Work to complete ->
A faithful copy of every entry is the goal; keep the images out of it.

Data for analysis ->
[Start of section]

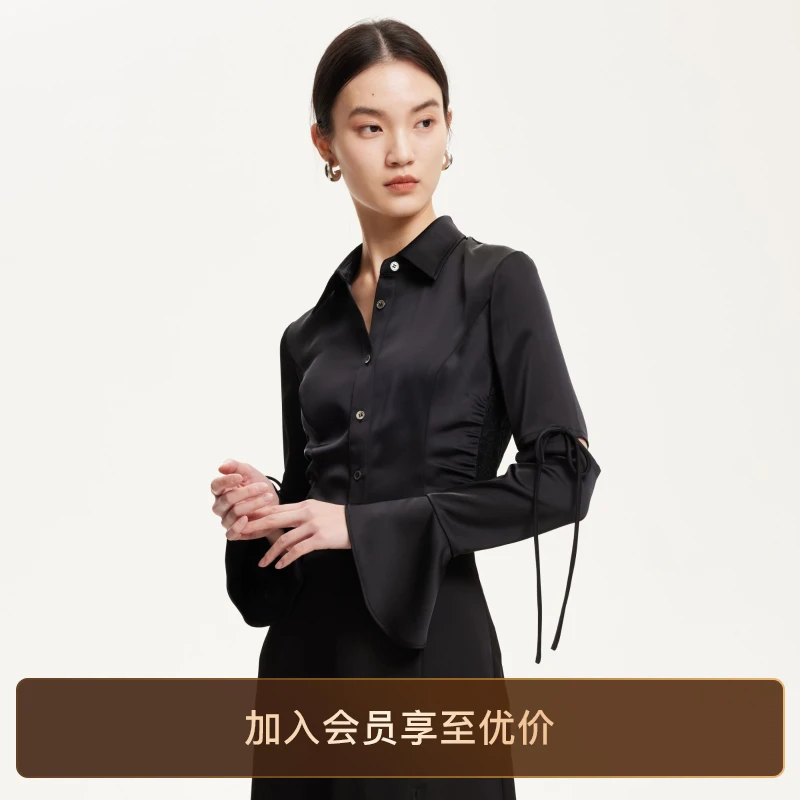 Vero Moda衬衫微透蕾丝镂空荷叶边袖口收腰高级感品质衬衣老钱风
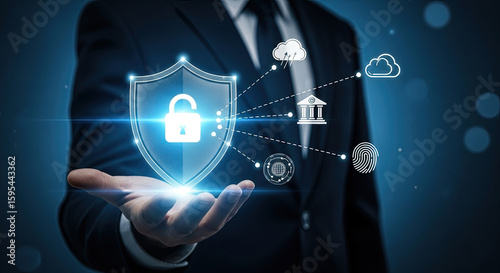 Cyber Security Concept: Businessman Holding Shield with Padlock, Cloud, Bank, Fingerprint Icons. Data Protection, Digital Safety, Online Privacy - Stock Photo
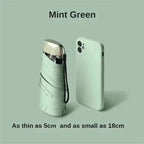 Compact Folding Travel Umbrella, UV Coating, Windproof Frame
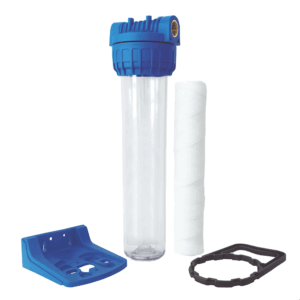 Shurity Kit Filtrazione Completo 3 pezzi 20” IN-OUT 1“ Trasparente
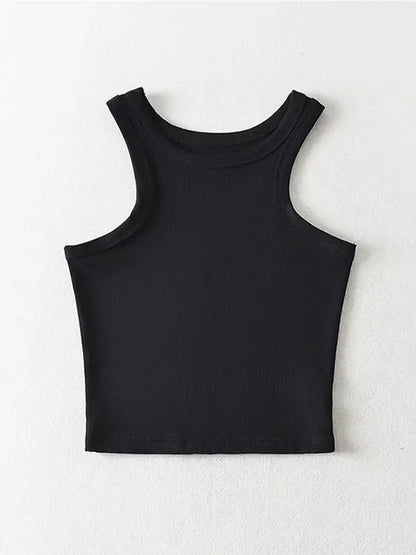 Camisetas sin mangas cortas de punto liso para mujer de verano 2025, camisetas cortas elásticas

[End of section]

Answer section ->
 Vero Moda衬衫微透蕾丝镂空荷叶边袖口收腰高级感品质衬衣老钱风
 Cyber Security Concept: Businessman Holding Shield with Padlock, Cloud, Bank, Fingerprint Icons. Data Protection, Digital Safety, Online Privacy - Stock Photo
 Compact Folding Travel Umbrella, UV Coating, Windproof Frame
 Shurity Kit Filtrazione Completo 3 pezzi 20” IN-OUT 1“ Trasparente
 Camisetas sin mangas cortas de punto liso para mujer de verano 2025, camisetas cortas elásticas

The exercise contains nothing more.